I used to have love and good sex with Pat, and then s/he took it away. I
hate that (or Pat)!"
Self - "Mm - Pat's having
another loving relationship really upsets you!" (using
Jealous - "Yeah,
it sure does! It's about time someone understood how lousy this is!"
Self -"You really
want to be heard and accepted."
Jealous (a little
calmer) - "Yes I do!"
Self - "You miss the good
feeling of being in love with a trusted sexual partner, and it really
pains you that Pat has those now and you don't, any more."
Jealous - "I
couldn't say it any clearer than that. It's really hard, every time Pat
calls, or I have to drop off (daughters) Sarah and Tina, to get reminded..."
Self - "Like a scab getting
ripped off..." (compassionate validation, without suggestions)
Jealous - "Right,
right!"
Self - "Which bothers you
more - that you don't have a love partner now, or that Pat does?"
Jealous - "They
both bother me! It's not fair that Pat gets rewarded after
dumping me, and I'm left alone through no fault of my own!"

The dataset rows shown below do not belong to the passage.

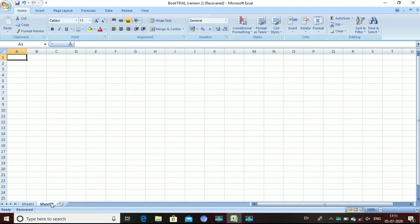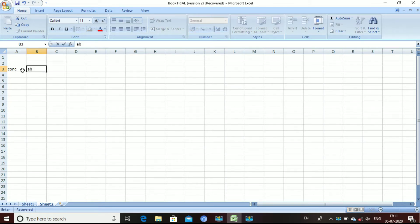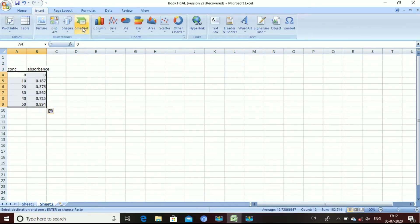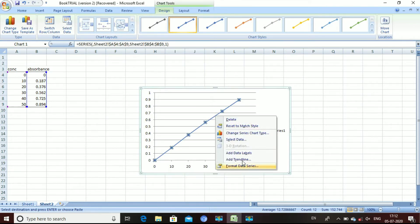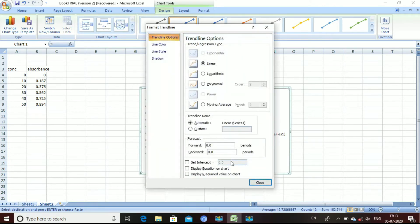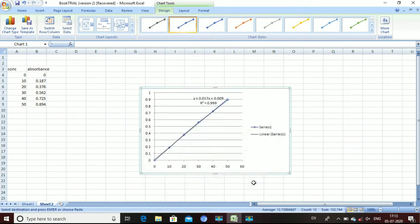For the dissolution study, first we have to make a standard curve using the concentration and absorbance values we obtained. I'm adding some reference values to draw the standard curve. Select these two values and go to Insert and select Scatter. You will get the standard curve. Place the cursor on the straight line, right-click, and select Add Trendline. In the options, select 'Display R-squared value on chart' and 'Display equation on chart', then close it.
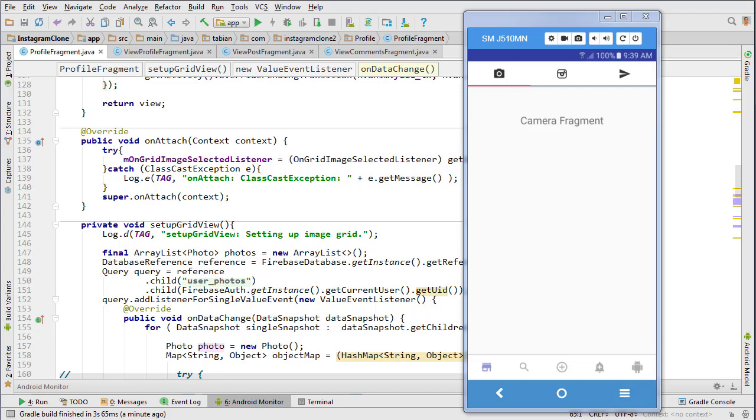In this video we're going to start by fixing just a couple small things I found before preparing to film this video, and then we're going to work on populating the profile with the followers, the following, and the number of posts.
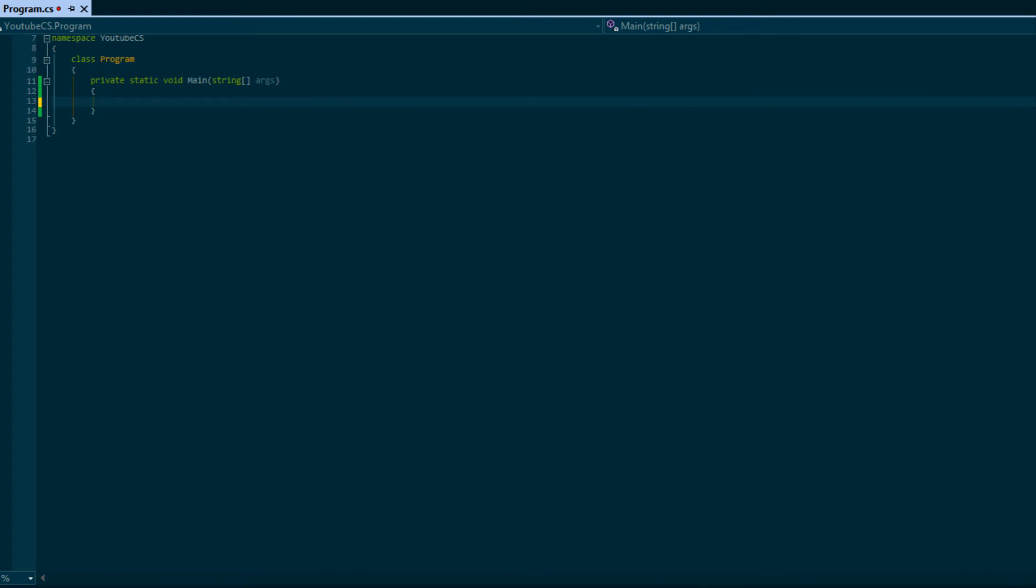What's up everybody, this is Peter, aka Coding Made Easy, coming to your next C-sharp made easy tutorial. In this tutorial we're going to be learning about getting console input.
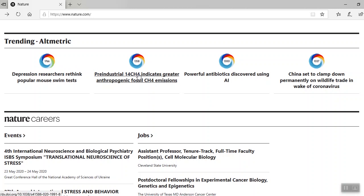Now, this is where you can learn about today's most popular articles that are being shared and talked about online. Altmetrics tracks article citations, the social media shares, and any mention in blogs and news outlets.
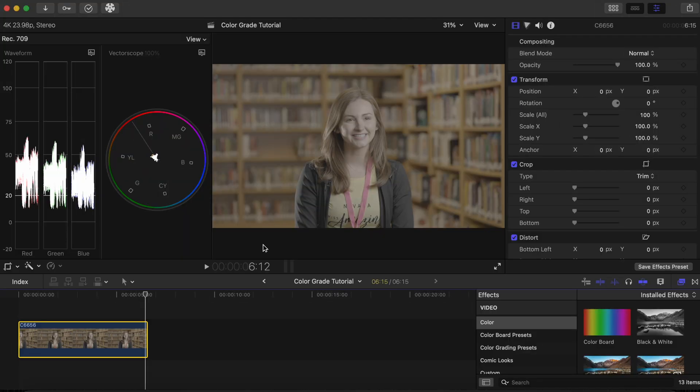This shot came from a Sony A7S III using the S-Log3 color profile. We will grade this shot in three simple steps.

Self - "You're really angry
at this injustice!" (An empathic listening statement, not a question)
Jealous - "Well,
wouldn't you be? After all, s/he dumped YOU too!"
Self - "Yes, I have some
feelings like that... Tell me, if you could find a safe, satisfying new love
relationship, would you feel the same about Pat's new love?"
Jealous - (pause) "I'm
... not sure. Probably. I think I'd stop focusing on Pat so much..."
Self - "If you
didn't have to focus on Pat and the injustice, what might happen?"
Jealous -
"Nothing good..."
Self - "I'm not sure what
you mean."
Jealous - "Well...
we'd have to think about other things."
Self - "Can you tell me
what other things?"
Jealous - "You
know - like how bad we feel." (notice the "we")
Self - "How bad we feel
about..."
and
(other personality
parts) interrupt
- "Of course, you idiot! Failing at marriage! Being a terrible
parent, and hurting (daughters) Sarah and Tina! Letting Mom and Dad down!
Being a general loser! Having to face 'the dating scene' all over again!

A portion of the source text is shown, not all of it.